Les policiers montréalais avaient pourtant suspendu temporairement leurs moyens de pression et revêtu l'habit réglementaire pour les obsèques de l'ancien numéro 4 du Canadien de Montréal.

«À l'exclusion de tout autre motif, cette décision est basée sur l'hommage que nous devons à l'homme, sa famille et ses admirateurs dans un contexte de funérailles nationales», écrivait alors la Fraternité des policiers et policières de Montréal dans un communiqué de presse.

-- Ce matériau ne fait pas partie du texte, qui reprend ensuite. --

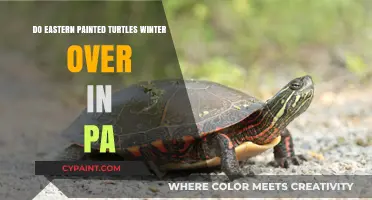 Do Eastern Painted Turtles Hibernate in Pennsylvania Winters?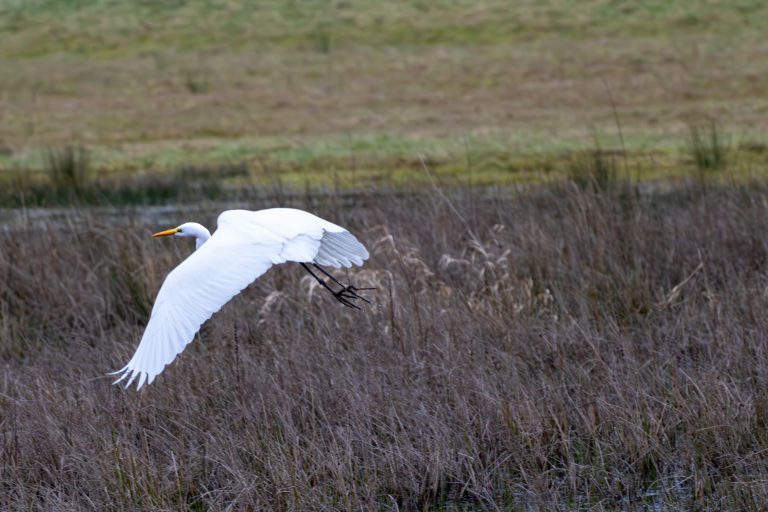 Great egret flying above a meadow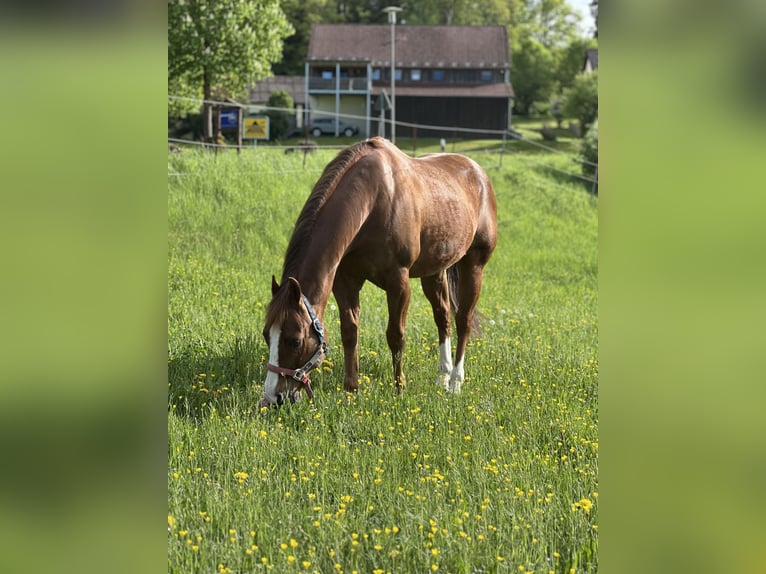American Quarter Horse Hengst 14 Jahre 148 cm Rotbrauner in Sulzbach-Rosenberg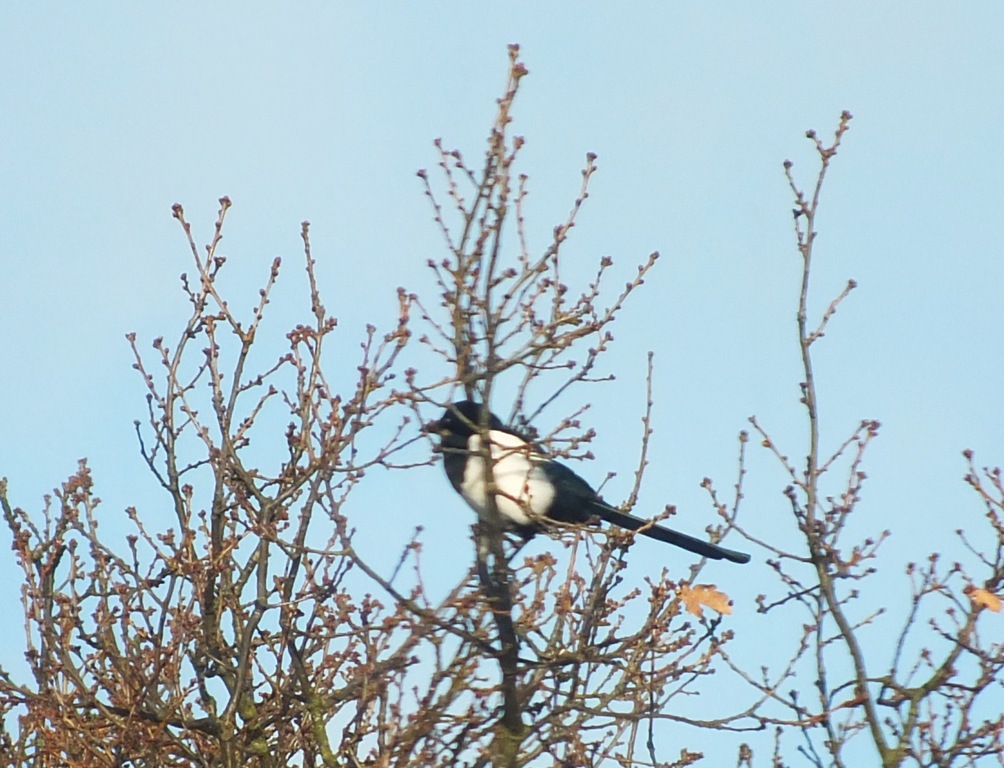 [magpie%255B3%255D.jpg]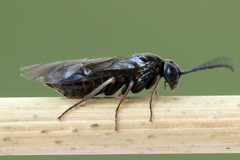 Pseudodineura fuscula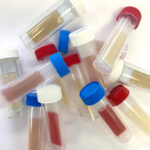 Liqu-Cult Microbial test kit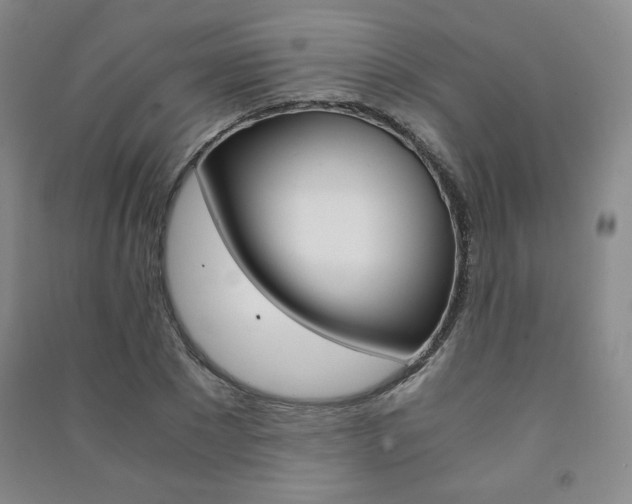X0000091490881200708161208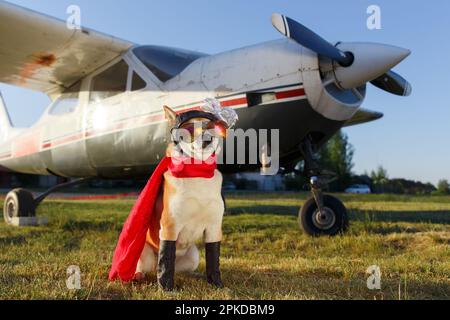 Divertente foto del cane Shiba Inu in una tuta pilota in aeroporto Foto Stock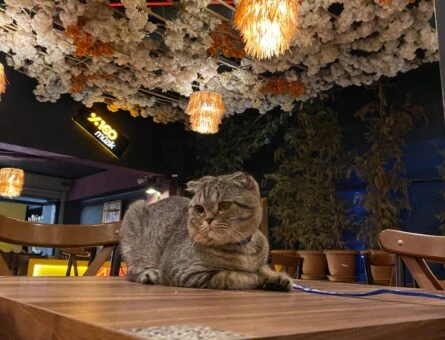 Scottish Fold Güzel Oğlumuza Güzel Bir Eş - 277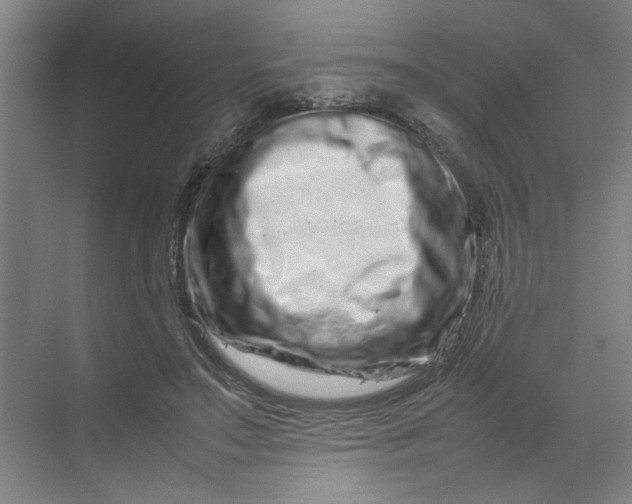 X0000070190499200606091536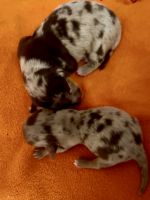 Dachshund Puppies for sale in Dallas, Texas. price: $3,000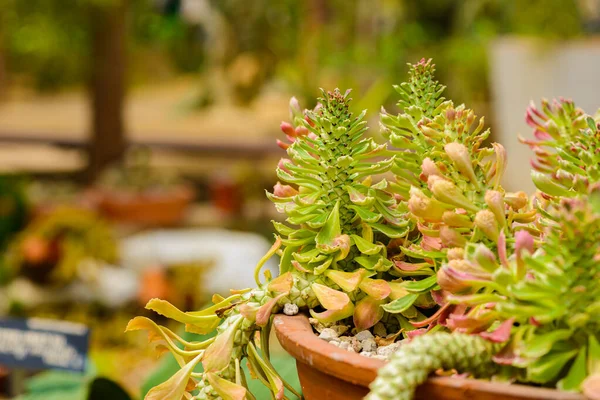 Fecha Planta Suculenta Euforbia Ritchiei Tricolor Jade Vaso Flores — Fotografia de Stock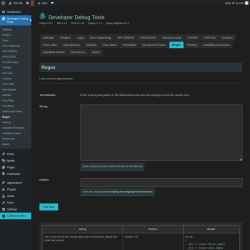 Page screenshot: Developer Debug Tools &rarr; Regex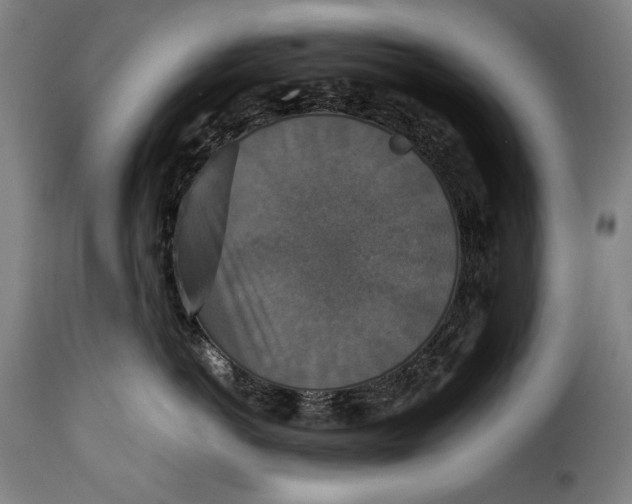 X0000115350766200911241153
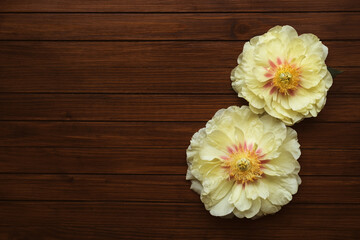 Beautiful yellow peonies in full bloom on wooden rustic background, top view. Flat lay. Space for text. Garden treasure.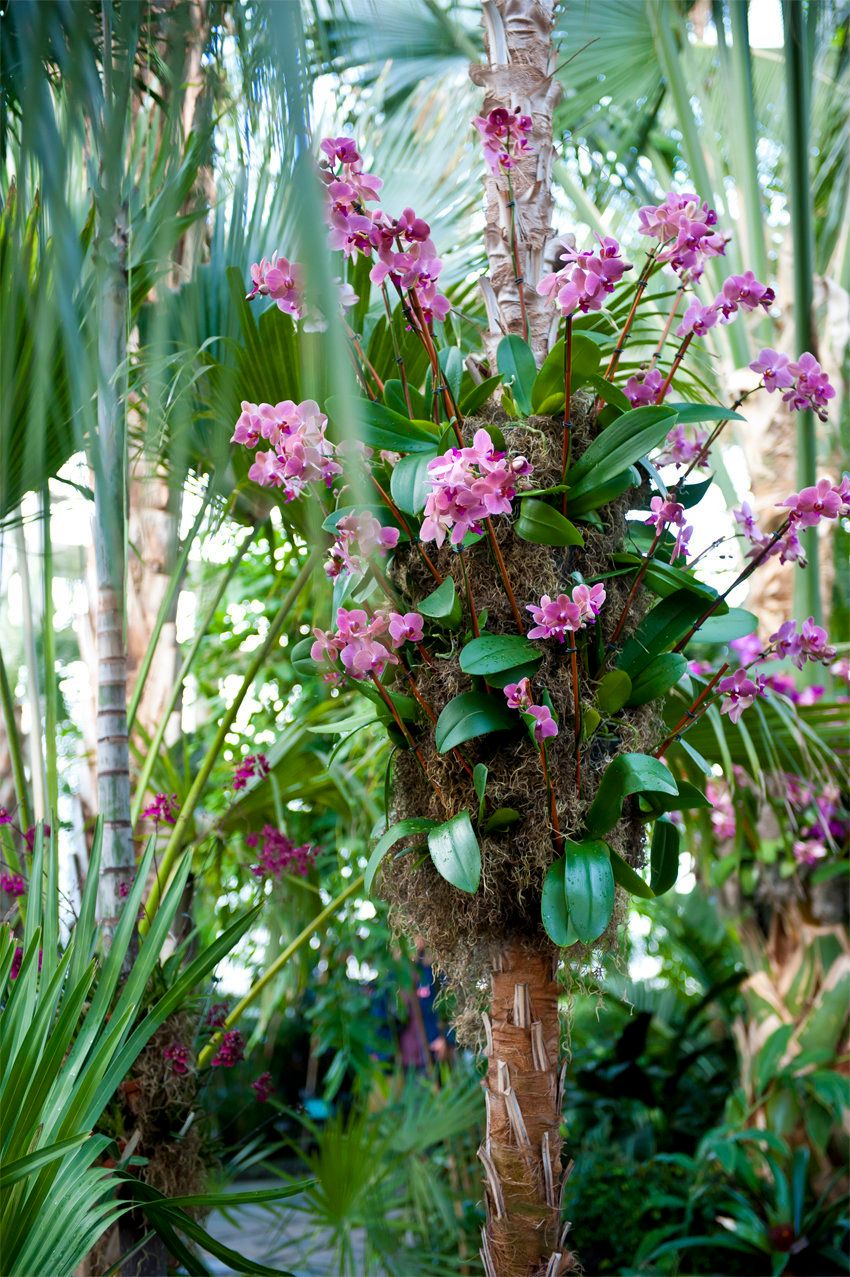 A Peek Inside The New York Botanical Garden's 11th Annual Orchid Show ...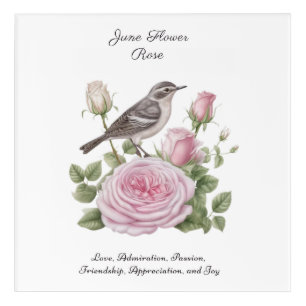 June Birth Month Flower Rose Elegant Birthday Acrylic Print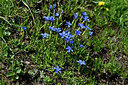 BUITEN BEELD Foto: 448452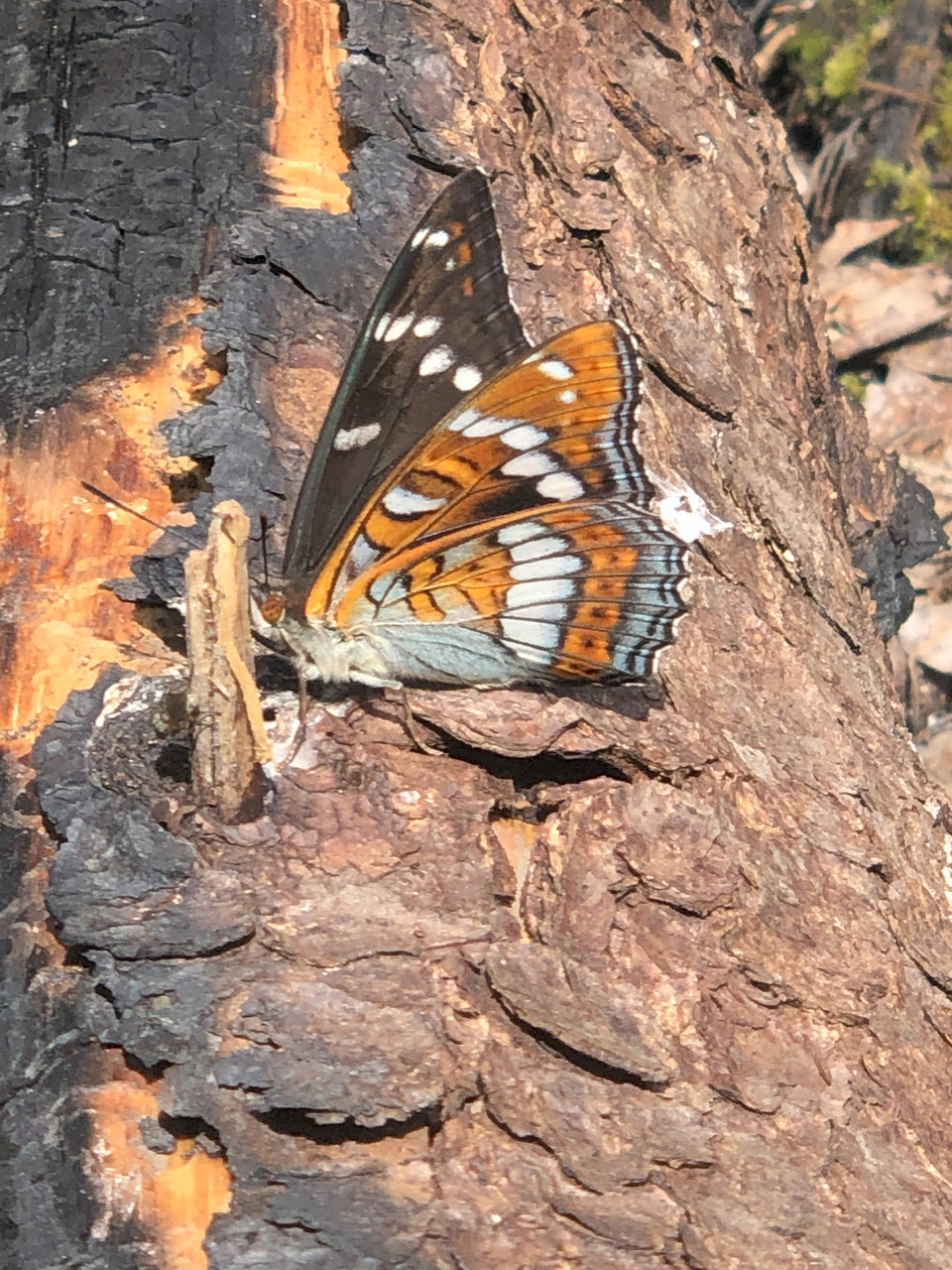Askfjäril på brandfältet i Hundsjöns naturreservat.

Le syndicat des policiers montréalais explique n'avoir reçu aucune demande de suspendre les moyens de pression cette fois-ci. «On n'a pas eu de demande qui nous a été acheminée par la Ville de Montréal ou par le SPVM de suspension des moyens de pression vestimentaires», explique le responsable des relations médias de la Fraternité, Martin Desrochers. Le maire de Montréal, Denis Coderre, avait demandé aux policiers de revêtir l'uniforme réglementaire lors des funérailles de Jean Béliveau.

Les policiers montréalais portent le pantalon de camouflage et la casquette rouge pour protester contre la modification de leur régime de retraite en vertu de la loi 15 (anciennement le projet de loi 3). La réforme sera contestée en Cour supérieure.